Of course, as Adam Peters pointed out for Live Action News, there is actually no mention of a right to abortion in the Constitution at all; in fact, Justice Harry Blackmun, who wrote the majority opinion for Roe v. Wade, argued that if a fetus is proven to be a person, then he also has the right to life, just like born persons.
The appellee and certain amici argue that the fetus is a “person” within the language and meaning of the Fourteenth Amendment. In support of this, they outline at length and in detail the well known facts of fetal development. If this suggestion of personhood is established, the appellant’s case, of course, collapses, for the fetus’ right to life would then be guaranteed specifically by the Amendment. The appellant conceded as much on reargument.
It could be argued that, when Roe v. Wade was decided, science did not allow us to truly understand the humanity of preborn children. But that has changed; there is no doubt that preborn babies are separate, living human beings. And while Roe v. Wade was decided under the right to “privacy,” as there is no right to abortion in the Constitution, there is likewise no right to privacy mentioned, either.
On top of all this, it can’t be argued that you have to support abortion if you support gun rights. As D.C. McAllister argued:
Being pro-life and pro legal gun possession are not mutually exclusive nor are they at odds with one another.
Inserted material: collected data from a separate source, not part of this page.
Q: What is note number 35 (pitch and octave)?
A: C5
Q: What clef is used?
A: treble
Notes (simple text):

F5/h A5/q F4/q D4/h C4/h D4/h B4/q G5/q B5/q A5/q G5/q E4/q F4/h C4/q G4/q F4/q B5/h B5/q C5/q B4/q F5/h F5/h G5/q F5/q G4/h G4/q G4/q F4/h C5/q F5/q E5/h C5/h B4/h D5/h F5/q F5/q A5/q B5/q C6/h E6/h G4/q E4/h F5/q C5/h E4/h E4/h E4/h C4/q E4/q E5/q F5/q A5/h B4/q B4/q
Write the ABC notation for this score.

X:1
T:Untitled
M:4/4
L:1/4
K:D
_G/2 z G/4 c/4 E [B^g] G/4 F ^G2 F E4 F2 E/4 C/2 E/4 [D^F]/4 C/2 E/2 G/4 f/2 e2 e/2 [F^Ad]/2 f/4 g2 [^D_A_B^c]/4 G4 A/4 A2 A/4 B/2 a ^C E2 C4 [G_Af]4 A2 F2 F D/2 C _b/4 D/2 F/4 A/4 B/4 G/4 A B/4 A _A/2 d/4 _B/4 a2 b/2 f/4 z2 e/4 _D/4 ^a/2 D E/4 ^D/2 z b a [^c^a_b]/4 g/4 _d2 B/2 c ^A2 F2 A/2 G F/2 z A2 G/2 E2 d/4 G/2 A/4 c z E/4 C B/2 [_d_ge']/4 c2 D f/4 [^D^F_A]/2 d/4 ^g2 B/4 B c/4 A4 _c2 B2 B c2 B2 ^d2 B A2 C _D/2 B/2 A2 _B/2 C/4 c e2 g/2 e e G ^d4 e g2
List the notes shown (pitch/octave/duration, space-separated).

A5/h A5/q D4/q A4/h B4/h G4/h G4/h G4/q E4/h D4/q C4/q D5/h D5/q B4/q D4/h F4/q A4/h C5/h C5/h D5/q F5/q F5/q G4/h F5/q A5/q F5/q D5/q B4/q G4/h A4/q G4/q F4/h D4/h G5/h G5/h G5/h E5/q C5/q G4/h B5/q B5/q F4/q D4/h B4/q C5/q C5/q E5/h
In fact, they are morally, legally, and ideologically intertwined, working in tandem to protect innocent lives, in different ways, both offensively and defensively.
Without the right to defend oneself with force, law-abiding Americans would be as defenseless as a newborn—incapable of defending themselves, looking only to the state to prevent harm.
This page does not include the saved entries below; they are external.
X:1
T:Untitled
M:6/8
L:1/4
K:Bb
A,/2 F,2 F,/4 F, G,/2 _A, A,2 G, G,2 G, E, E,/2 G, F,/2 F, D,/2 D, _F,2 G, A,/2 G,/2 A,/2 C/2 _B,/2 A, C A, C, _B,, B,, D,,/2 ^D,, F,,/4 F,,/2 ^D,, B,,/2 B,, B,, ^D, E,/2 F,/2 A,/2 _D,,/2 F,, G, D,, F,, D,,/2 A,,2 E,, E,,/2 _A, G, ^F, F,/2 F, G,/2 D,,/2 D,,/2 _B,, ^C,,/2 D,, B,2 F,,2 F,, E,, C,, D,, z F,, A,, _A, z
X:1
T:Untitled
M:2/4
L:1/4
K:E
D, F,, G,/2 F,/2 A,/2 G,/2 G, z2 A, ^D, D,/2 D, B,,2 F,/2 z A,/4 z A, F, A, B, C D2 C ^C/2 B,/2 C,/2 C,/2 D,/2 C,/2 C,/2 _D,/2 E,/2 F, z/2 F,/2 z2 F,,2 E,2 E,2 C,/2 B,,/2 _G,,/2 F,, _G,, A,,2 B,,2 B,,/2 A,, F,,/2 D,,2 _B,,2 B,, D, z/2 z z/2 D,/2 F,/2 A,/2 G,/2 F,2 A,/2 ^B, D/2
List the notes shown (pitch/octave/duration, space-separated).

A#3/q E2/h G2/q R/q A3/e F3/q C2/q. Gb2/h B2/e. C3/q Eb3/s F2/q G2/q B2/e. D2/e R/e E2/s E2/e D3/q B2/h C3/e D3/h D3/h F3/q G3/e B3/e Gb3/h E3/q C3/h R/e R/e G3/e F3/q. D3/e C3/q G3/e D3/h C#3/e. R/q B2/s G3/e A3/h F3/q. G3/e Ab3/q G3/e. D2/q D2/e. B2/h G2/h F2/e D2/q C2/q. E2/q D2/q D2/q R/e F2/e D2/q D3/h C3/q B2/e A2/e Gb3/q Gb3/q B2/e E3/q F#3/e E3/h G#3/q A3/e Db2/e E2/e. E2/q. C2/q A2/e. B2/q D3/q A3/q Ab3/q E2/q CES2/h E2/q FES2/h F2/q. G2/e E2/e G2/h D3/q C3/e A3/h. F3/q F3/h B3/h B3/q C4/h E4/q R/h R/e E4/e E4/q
Literally every facet of Lahren’s argument falls apart with even a tiny bit of rational thinking.
Oddly, just weeks ago, Lahren was tweeting about the need to protect preborn children.
You want the choice to abort a fetus but what about school choice? ????https://t.co/lClaV4cTxp
— Tomi Lahren (@TomiLahren) February 8, 2017
Life comes at you fast. pic.twitter.com/AP09UPGtPy
— Danielle Butcher (@DaniSButcher) March 17, 2017
What made Lahren decide that she wanted to flip-flop on the issue of abortion is unclear, but whatever her reasoning was, her argument in favor of abortion is fundamentally flawed and shows an astoundingly shallow understanding of the issue. If Lahren really wants to claim that she loves the Constitution, she needs to understand that all people—preborn and born—have the right to life and deserve to be protected.